State tax authorities have imposed Value-Added Tax (VAT) on the transfer of intellectual property rights (IPRs) and are seeking around Rs 30,000 crore in taxes for the period spanning from FY11 to FY15, according to insiders cited by the Economic Times. These tax notices have been served to approximately 200 companies in the past six months. Currently, these companies are vehemently contesting these demands through the legal system, vehemently opposing the imposition of VAT on IPR transfers.
Companies Claim That Service Tax Has Already Been Paid
Certain companies that have received VAT notices claim that they have already paid service tax on these transactions. The state authorities are classifying IPRs as “goods” and subjecting them to VAT. Various state authorities, including those in Maharashtra, Uttar Pradesh, Madhya Pradesh, Tamil Nadu, and Gujarat, have reportedly issued these VAT notices, as detailed in the report.
Under the GST regime, there are explicit guidelines concerning the taxation of IPR. If the transfer of IPR is categorized as either a “supply of services” or a “supply of goods,” it is subject to an 18 percent GST rate.
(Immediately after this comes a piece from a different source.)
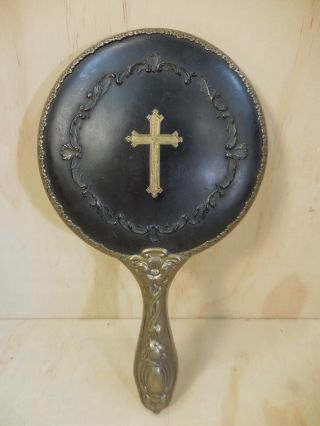 Antique Brass Repousse Hand Mirror With " Cross 
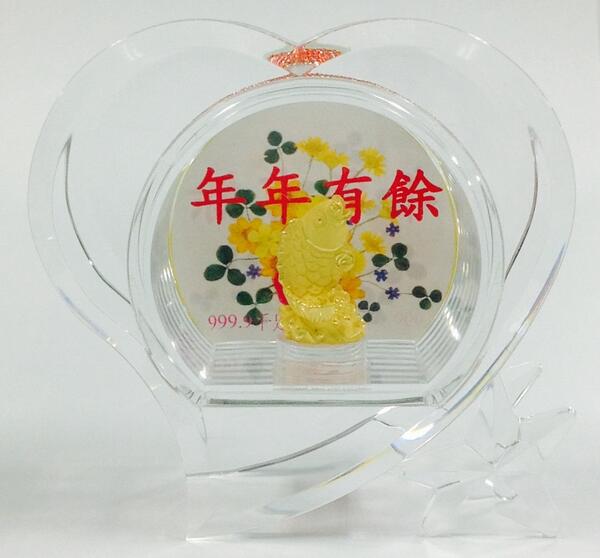 K24純金 999.9 鯉 置物 koi01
This categorization aims to eliminate ambiguity and provide consistent tax treatment for IPR transactions under GST.
A senior official from the Central Board of Indirect Taxes and Customs (CBIC) noted, “This is a pre-GST period demand raised by state tax authorities, and we are aware of the complexities involved. However, now that the matter is before the courts, we will await guidance from the court.”
Nonetheless, legal experts have emphasized that items cannot be classified as both “goods” and “services” and subsequently subjected to double taxation.